### Work request
Your job is to return each record exactly, minus any pictures.

═══ Data to process

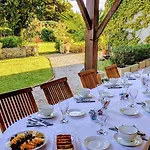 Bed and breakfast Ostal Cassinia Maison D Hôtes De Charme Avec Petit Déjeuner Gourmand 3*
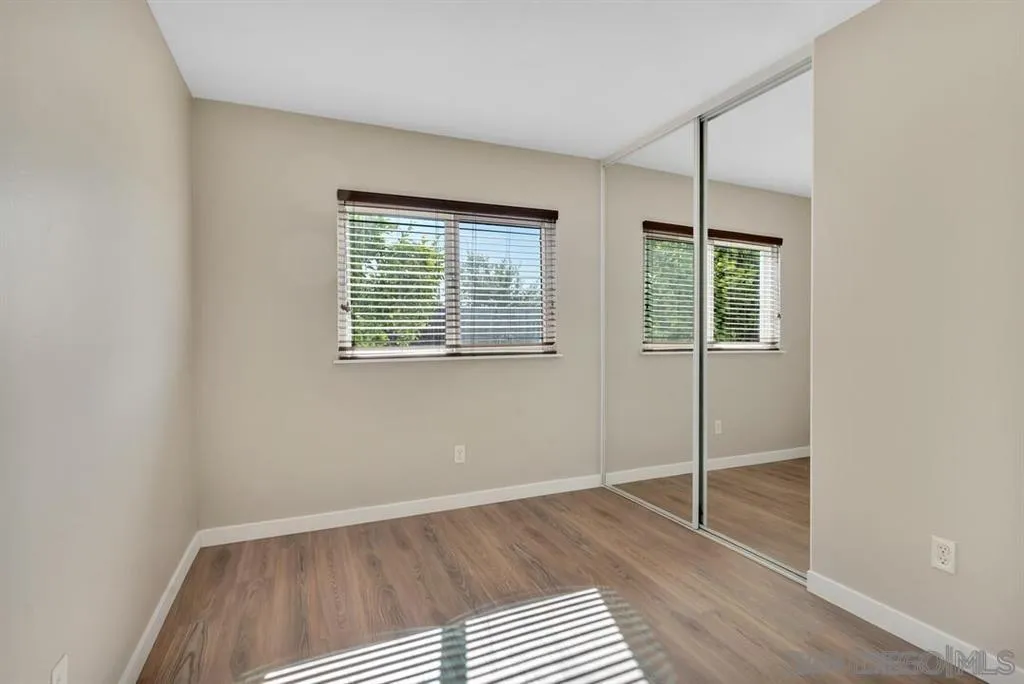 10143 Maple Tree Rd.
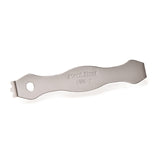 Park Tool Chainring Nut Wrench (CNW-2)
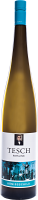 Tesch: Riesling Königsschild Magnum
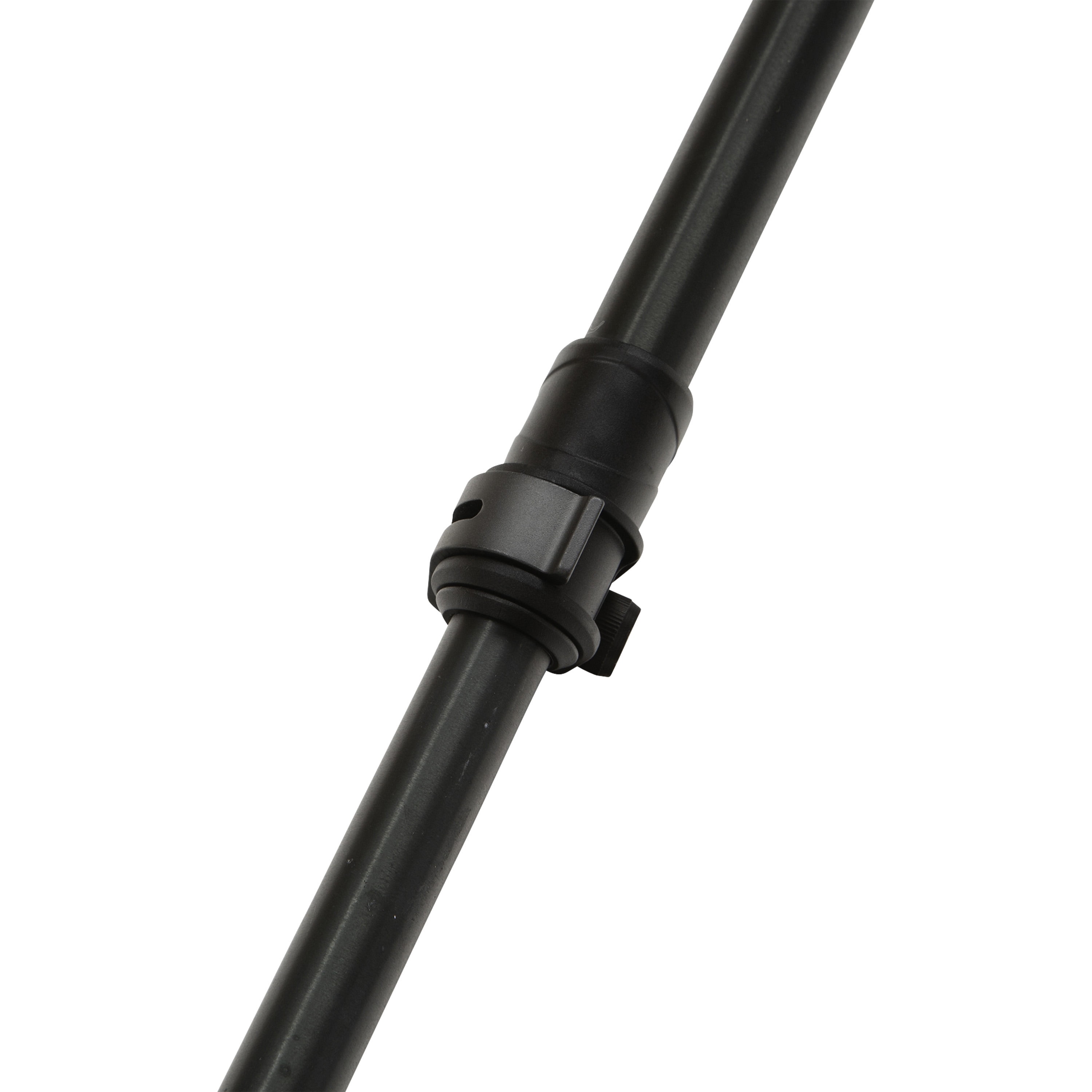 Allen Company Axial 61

══════

### Result for this task
 Bed and breakfast Ostal Cassinia Maison D Hôtes De Charme Avec Petit Déjeuner Gourmand 3*
 10143 Maple Tree Rd.
 Park Tool Chainring Nut Wrench (CNW-2)
 Tesch: Riesling Königsschild Magnum
 Allen Company Axial 61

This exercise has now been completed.